A professional liability insurer filed an interpleader action against two insured persons and a law firm retained by the insureds because the insurer was faced with competing demands in excess of remaining policy limits. Several other law firms retained by the insureds and three judgment creditors were permitted to intervene. The demands arose from two underlying suits, brought by investors against the named insured investment fund and its officers, alleging fraudulent inducement, breach of fiduciary duty, and misuse of the invested funds.
Two judgment creditor investors, who had obtained a default judgment against the investment fund in an underlying action, sought summary judgment that they were entitled to the interpleaded funds. The insurer had determined that the judgment creditors were not entitled to coverage because the investment fund, which had allowed a default judgment to be entered against it, had breached the policy by failing to fulfill its duty to defend the claim and by admitting liability without the insurer’s consent. The court rejected the judgment creditors’ argument that the insurer had a duty to take action to avoid the default, because the policy imposed no duty to defend on the insurer and instead imposed an explicit duty to defend on the insured. The court also held that the fund’s default was tantamount to an admission of liability, in violation of the policy provision requiring the insured to seek consent prior to settling or admitting liability. The court also concluded that the insurer had not waived its defenses by sending a letter to the insured’s broker informing it of the motion for default and the insured’s duty to defend, because the letter had explicitly reserved all of the insurer’s rights. The court further determined that the insurer’s filing of the interpleader action without pleading the lack of coverage for the named insured also did not constitute waiver, as the insurer had attached the policy and interpleaded as defendants all persons or entities who had, to date, sought coverage under the policy, which the insured investment fund and its judgment creditors had not done. As a result, the court concluded, the judgment creditors were not entitled to coverage.

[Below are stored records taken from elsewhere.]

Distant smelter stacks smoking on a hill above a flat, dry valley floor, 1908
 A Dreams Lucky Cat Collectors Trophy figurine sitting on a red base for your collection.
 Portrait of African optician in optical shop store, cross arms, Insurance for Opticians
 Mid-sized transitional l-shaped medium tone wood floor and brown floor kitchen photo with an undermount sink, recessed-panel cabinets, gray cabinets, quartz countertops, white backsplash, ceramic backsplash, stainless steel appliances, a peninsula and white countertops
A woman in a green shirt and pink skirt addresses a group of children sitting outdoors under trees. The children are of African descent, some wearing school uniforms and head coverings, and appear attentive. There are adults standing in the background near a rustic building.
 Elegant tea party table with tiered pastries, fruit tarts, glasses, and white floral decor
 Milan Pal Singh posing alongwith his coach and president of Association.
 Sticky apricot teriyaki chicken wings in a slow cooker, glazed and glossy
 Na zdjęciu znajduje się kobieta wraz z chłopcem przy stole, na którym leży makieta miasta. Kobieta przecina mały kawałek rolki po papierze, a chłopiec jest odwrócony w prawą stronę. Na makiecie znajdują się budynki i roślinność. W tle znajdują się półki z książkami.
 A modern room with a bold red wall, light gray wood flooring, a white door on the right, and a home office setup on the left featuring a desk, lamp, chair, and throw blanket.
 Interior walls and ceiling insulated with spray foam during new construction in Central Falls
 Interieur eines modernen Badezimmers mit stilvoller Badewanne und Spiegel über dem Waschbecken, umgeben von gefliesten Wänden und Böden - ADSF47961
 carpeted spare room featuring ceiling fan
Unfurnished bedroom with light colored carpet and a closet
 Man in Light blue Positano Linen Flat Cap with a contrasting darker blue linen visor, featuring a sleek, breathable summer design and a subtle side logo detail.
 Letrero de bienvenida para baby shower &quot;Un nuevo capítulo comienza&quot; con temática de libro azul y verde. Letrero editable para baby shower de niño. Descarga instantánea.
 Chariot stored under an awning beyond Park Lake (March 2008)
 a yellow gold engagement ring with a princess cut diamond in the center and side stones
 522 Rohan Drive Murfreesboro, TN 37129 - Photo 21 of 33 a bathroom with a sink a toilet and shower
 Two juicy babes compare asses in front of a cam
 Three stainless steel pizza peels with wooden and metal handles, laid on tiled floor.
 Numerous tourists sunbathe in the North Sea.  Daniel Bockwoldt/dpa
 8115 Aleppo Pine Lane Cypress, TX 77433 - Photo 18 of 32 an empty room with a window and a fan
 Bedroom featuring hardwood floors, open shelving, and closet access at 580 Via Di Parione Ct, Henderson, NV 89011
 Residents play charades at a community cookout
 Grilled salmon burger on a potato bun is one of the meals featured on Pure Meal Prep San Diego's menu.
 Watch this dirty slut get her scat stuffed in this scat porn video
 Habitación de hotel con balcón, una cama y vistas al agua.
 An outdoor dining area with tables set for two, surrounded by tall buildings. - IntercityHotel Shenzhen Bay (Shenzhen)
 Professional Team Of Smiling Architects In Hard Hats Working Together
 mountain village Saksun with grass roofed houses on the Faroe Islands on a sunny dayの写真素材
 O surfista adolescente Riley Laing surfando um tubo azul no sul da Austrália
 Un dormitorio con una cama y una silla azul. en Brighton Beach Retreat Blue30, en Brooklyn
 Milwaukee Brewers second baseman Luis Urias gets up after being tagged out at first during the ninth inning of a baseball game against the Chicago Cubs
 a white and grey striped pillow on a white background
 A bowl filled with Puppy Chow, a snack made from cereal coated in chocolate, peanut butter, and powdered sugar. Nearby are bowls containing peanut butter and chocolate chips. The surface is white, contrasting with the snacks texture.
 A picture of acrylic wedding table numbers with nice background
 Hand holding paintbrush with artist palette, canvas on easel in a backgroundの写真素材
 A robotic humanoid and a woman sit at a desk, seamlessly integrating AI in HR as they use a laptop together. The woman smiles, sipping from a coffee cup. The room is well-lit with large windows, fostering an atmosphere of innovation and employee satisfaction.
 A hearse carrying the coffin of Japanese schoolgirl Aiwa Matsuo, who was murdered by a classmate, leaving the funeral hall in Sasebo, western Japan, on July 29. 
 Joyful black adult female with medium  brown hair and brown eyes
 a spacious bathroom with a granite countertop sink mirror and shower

Another investment fund also intervened, as a judgment creditor of one of the insured persons arising from a separate underlying action. The court noted that the intervening fund had no claim under the policy at the time the interpleader action was filed because it did not yet have a judgment against the insured person. The court concluded that, because courts determine the rights of interpleader parties on the basis of the facts extant at the time the action was commenced, the fund’s claim was barred. The fund also could not attach the insured person’s interest in the interpleaded policy proceeds because the insured person was not entitled to recover any portion of the interpleaded funds, and therefore any benefits to him under the policy were not his property.
Finally, the court determined that, because it had dismissed the judgment creditors, the remaining interpleader defendants were entitled to disbursement of the interpleaded funds as agreed among them.